Rabat – Morocco’s Education Minister, Said Amzazi has revealed that an increasing number of Moroccan pupils are leaving private schools to join public ones.
Amzazi, who was speaking at a parliamentary session on October 14, said that the unusual trend–Moroccan parents are traditionally known for preferring private schools for their children–is indicative of a “regain of trust” for the country’s public education system.
“This year, over 52,000 of last year’s 700,000 pupils at private institutions left their private schools in direction of public ones,” Amzazi said when asked about the current state, and the future of Morocco’s public schools.
As far as Amzazi sees it, this usually unheard-of shift speaks of the improving standards in the country’s public institutions.
He argued that the change means the country’s public learning institutions are “progressively” gaining back the reputation that used to be theirs in the first decades of post-colonial Morocco. To make sense of what Amzazi sees as an encouraging trend, his ministry has requested a nation-wide study to explore the underlying reasons behind the change.

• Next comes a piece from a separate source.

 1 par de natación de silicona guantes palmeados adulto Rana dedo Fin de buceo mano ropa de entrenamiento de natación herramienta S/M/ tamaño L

The prospective study, according to sources who have been briefed on its scope and content, seeks to answer questions such as “Why are masses of students joining public schools?” or “What would motivate a parent to prefer public schools over private ones?”
Even before the results of the study, however, the minister is convinced that the change boils down to the “progressive improvements” in Moroccan public schools.
During a conference late last month, Amzazi, who was already aware of the trend, unreservedly spoke about how Morocco’s public schools are evolving, claiming their lost reputation, and “progressively regaining” public trust.
But the news comes amid a persisting negative perception of public schools among most Moroccans, and it is doubtful whether the arguments put forth by the minister are the only ones that account for the change.
Last August, a government-sponsored study established that persisting disparities and social inequalities continue to stain Morocco’s education system, giving private schools the upper hand over ill-financed, destitute public schools.
Contrary to Amzazi’s insistence on Morocco’s public school gaining back their nobility, an alternative reading, supported by most non-government bodies, is that the exorbitant fees at private institutions are most likely prompting many parents to resort to public schools instead.